Everything is a dance lesson. Everything makes you a better dancer. But right now I am studying the hardest lesson of all: my dance has been taken away from me.
I've had an accident and can barely walk. Oh, Stella will get her groove back, it's only for a matter of weeks, and then I'll be fine. But every day I cry. I feel like my voice has been taken away from me. Without my dance, I feel like I've had a life-ectomy. My body twitches, my mind sees me dancing, and I yearn to speak again while all I can do is sit, silent.
I watch even more YouTube dance clips than usual. I work on my core. I lie on the floor opening up sensitivity in my back.
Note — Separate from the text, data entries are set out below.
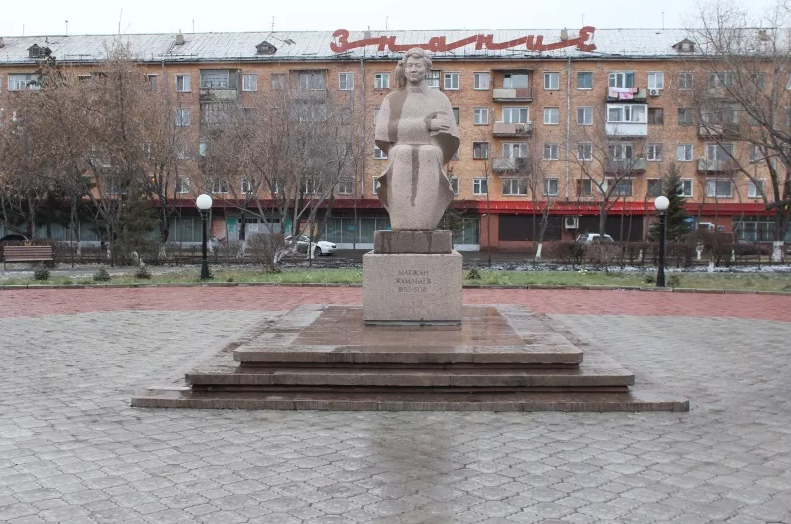 Памятники в петропавловске в казахстане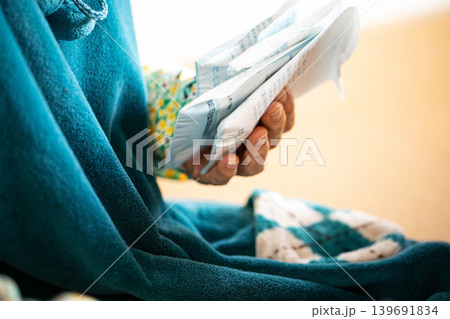 医療費の負担 139691834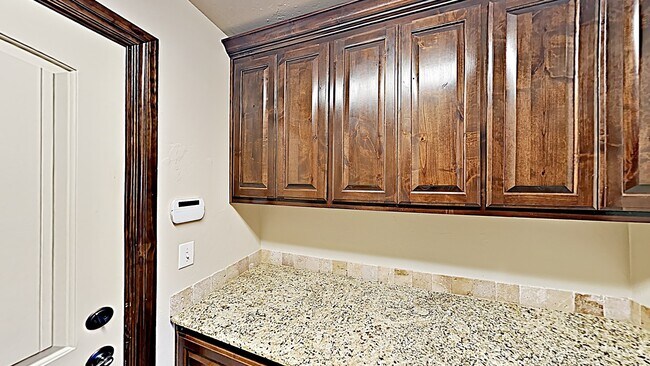 Building Photo - Luxury 4 Bedroom, 2.5 Bath Home with Bonus Room and Storm Shelter in Deer Creek Schools.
I draw yet more pictures of dancers. But I was on the verge of a great technical breakthrough and now instead of levelling up, I'm a lump of flesh with rapidly atrophying skills. I am doing my best to adapt. But when one has a dancing heart and the body has to be still, while all one's friends are dancing, it is very hard.
Still, mis compañeros have cheered me up considerably. They check on me and remind me to soak my foot and change my bandage. And one day after lying around all day long, frustrated, depressed, and miserable, my cane and I went to my favourite milonga and everyone made me feel like Scarlett at the barbecue. Because I could not come to the pista, the pista came to me. The chair by my side was never empty, as friend after friend came to chat. My tribe of Lost Boys rallied around me at the slightest dimming of my fairy light.
“[Tinker Bell] was saying that she thought she could get well again if children believed in fairies.
Peter flung out his arms...he addressed all who might be dreaming of the Neverland....
"Do you believe?" he cried.
"If you believe," he shouted to them, "clap your hands; don't let Tink die."”
Peter Pan, J.M. Barrie, Chapter 13
I cannot fly right now. But I will again, because the inhabitants of my world believe in fairies. They clap for me, and my community's belief in me is my partner in the hardest tanda I have yet danced.